_Task directions_
Go through the listing and copy each line that has the string "Women" in it.

_Material shown_
● ● ● ●

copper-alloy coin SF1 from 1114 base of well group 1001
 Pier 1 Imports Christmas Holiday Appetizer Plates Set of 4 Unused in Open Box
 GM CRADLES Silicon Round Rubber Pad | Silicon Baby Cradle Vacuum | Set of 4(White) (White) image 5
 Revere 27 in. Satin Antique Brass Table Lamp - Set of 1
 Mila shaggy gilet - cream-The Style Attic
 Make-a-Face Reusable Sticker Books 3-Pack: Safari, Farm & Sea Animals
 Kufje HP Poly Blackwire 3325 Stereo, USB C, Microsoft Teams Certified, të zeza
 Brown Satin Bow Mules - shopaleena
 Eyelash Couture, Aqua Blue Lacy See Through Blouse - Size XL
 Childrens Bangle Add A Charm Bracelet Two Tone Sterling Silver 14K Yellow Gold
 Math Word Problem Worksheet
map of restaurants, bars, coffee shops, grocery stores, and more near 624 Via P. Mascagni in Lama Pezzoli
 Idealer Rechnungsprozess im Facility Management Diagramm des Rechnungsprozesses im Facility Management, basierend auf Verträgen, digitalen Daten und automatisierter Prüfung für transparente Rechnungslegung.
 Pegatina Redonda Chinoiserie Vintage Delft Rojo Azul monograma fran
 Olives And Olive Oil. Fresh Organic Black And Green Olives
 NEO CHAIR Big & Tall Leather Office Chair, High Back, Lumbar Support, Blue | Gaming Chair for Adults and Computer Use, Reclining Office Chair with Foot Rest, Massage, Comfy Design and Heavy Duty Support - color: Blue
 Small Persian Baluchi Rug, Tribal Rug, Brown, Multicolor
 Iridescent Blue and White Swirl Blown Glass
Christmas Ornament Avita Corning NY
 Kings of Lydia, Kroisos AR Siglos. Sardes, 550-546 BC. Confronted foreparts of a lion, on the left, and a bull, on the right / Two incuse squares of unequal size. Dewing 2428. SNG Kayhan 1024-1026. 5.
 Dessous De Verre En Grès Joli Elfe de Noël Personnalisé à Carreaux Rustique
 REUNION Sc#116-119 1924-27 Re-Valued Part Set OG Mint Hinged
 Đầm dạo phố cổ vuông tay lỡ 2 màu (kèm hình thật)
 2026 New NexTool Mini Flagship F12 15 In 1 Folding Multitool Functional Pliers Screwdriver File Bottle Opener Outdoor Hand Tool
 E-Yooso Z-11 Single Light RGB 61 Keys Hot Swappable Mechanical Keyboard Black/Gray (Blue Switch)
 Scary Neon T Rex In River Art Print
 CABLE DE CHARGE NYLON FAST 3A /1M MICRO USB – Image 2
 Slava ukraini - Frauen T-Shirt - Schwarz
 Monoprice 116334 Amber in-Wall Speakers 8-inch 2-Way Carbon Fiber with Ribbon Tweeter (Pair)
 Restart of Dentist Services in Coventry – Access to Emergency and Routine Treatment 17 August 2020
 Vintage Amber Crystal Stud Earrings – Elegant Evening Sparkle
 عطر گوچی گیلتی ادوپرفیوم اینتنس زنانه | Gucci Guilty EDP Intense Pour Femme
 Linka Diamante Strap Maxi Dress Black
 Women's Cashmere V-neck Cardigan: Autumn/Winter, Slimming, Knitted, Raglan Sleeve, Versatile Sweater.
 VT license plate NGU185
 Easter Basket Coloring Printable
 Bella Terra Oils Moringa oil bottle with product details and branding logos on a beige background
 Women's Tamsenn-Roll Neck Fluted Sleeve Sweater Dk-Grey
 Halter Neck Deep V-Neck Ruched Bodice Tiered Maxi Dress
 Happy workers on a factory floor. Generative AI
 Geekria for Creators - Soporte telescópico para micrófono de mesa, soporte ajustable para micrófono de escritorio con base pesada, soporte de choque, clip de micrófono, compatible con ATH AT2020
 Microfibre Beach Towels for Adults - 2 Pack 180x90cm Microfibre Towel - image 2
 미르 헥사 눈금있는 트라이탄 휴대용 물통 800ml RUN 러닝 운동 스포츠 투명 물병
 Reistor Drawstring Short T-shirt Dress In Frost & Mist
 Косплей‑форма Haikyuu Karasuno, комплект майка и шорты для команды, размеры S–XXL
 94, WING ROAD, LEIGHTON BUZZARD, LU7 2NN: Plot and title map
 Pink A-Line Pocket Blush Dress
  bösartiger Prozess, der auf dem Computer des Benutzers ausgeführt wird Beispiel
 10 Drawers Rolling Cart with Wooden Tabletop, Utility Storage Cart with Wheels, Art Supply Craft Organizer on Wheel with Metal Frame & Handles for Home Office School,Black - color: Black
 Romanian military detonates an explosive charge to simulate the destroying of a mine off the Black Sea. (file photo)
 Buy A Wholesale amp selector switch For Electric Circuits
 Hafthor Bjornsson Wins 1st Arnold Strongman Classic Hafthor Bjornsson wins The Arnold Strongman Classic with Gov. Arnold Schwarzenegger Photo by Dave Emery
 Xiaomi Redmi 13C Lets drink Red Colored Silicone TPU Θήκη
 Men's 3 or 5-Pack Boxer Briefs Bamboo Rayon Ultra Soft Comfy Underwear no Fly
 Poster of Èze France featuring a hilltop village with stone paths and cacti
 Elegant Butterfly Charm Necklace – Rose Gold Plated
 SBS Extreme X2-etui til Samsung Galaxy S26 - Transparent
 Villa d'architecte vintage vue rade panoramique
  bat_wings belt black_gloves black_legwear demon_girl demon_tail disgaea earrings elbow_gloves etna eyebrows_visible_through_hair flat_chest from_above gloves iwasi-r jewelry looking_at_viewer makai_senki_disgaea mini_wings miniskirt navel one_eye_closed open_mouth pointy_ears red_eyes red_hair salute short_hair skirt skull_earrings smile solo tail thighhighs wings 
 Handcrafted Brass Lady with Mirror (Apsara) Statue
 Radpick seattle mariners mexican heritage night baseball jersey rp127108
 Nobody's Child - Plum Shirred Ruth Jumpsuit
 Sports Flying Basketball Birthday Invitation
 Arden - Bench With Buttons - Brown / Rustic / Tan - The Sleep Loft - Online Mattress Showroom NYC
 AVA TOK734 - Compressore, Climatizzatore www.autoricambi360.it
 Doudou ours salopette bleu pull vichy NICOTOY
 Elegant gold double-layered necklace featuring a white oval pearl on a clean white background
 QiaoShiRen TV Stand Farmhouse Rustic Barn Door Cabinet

● ● ● ●

_Result_
 Women's Cashmere V-neck Cardigan: Autumn/Winter, Slimming, Knitted, Raglan Sleeve, Versatile Sweater.
 Women's Tamsenn-Roll Neck Fluted Sleeve Sweater Dk-Grey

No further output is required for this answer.